Made this discovery trying to figure out why CUBE files visualize correctly
but PDB files didn't in VMD. VMD does not make that assumption when
importing CUBE files and performs the Transformation while importing.
Makes visualizing things in VMD interesting to say the least. So is this a
bug with the code or an oversight?
Dug through the VMD CUBE Plugin source code and found the relevant code.
The following is in C, but I'm sure someone can convert it to Fortran and
implement it into CP2K:
Finding the Transformation Matrix:
// calculate and store origin and rotation matrix to realign everything
later.
static void cube_buildrotmat(cube_t *cube, float *o, float *a, float *b)
{
// we rotate first around y and z to align a along the x-axis...
const double len = sqrt(a[0]*a[0] + a[1]*a[1]);
const double phi = atan2((double) a[2], (double) len);
const double theta = atan2((double) a[1], (double) a[0]);
const double cph = cos(phi);
const double cth = cos(theta);
const double sph = sin(phi);
const double sth = sin(theta);
// ...then we rotate around x to put b into the xy-plane.

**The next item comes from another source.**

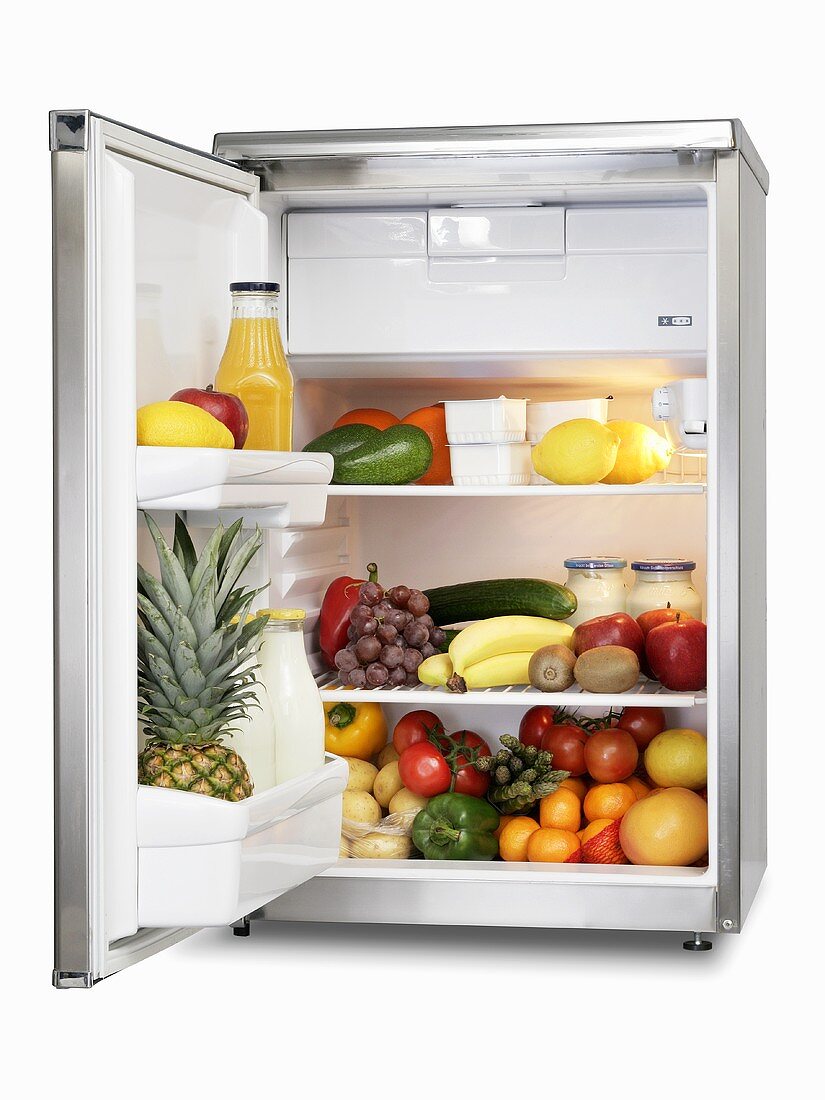 Blick in Kühlschrank mit Obst, Gemüse und Lebensmitteln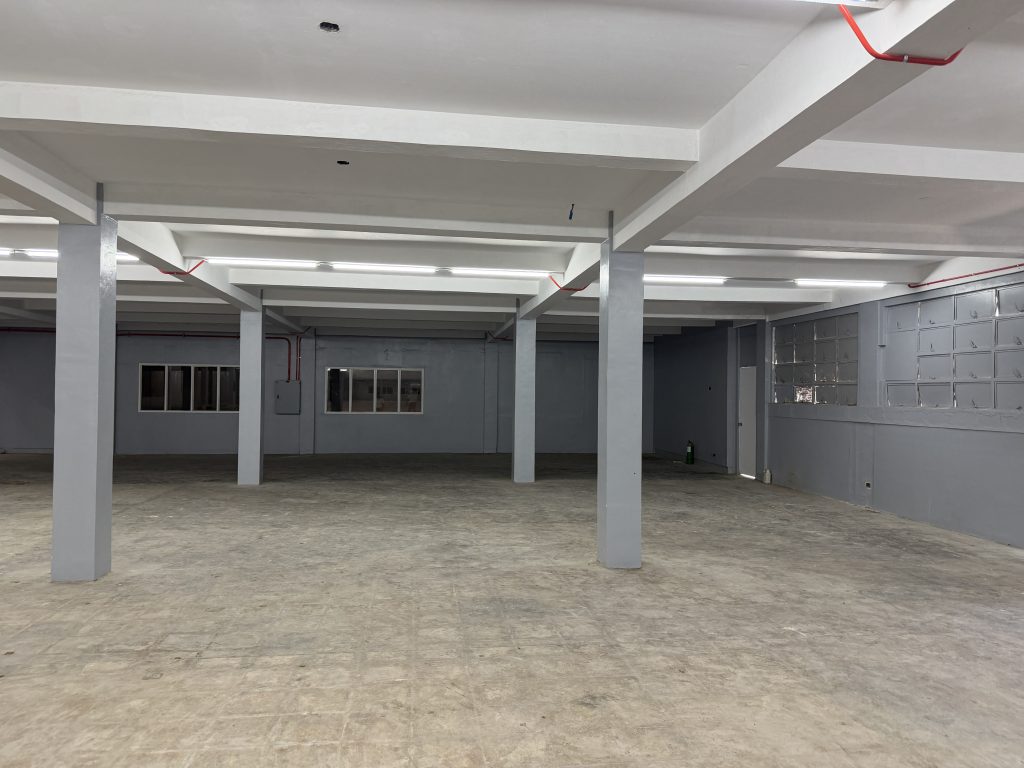 Jenny's Ave Warehouse — photo 8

const double psi = atan2(-sph*cth*b[0] - sph*sth*b[1] +
cph*b[2],-sth*b[0] + cth*b[1]);
const double cps = cos(psi);
const double sps = sin(psi);
const double r[3][3] = {
{ cph*cth, cph*sth, sph},
{-sth*cps - sph*cth*sps, cth*cps - sph*sth*sps, cph*sps},
{ sth*sps - sph*cth*cps, -cth*sps - sph*sth*cps, cph*cps}
};
for (int i=0; i<3; ++i) {
cube->origin[i] = o[i];
for (int j=0; j<3; ++j) {
cube->rotmat[i][j] = r[i][j];
}
}
}
Rotating Vectors:
// store aligned axes.
for (i=0; i<3; ++i) {
voltmpl.xaxis[i] = cube->rotmat[i][0] * a[0]
+ cube->rotmat[i][1] * a[1] + cube->rotmat[i][2] * a[2];
voltmpl.yaxis[i] = cube->rotmat[i][0] * b[0]
+ cube->rotmat[i][1] * b[1] + cube->rotmat[i][2] * b[2];
voltmpl.zaxis[i] = cube->rotmat[i][0] * c[0]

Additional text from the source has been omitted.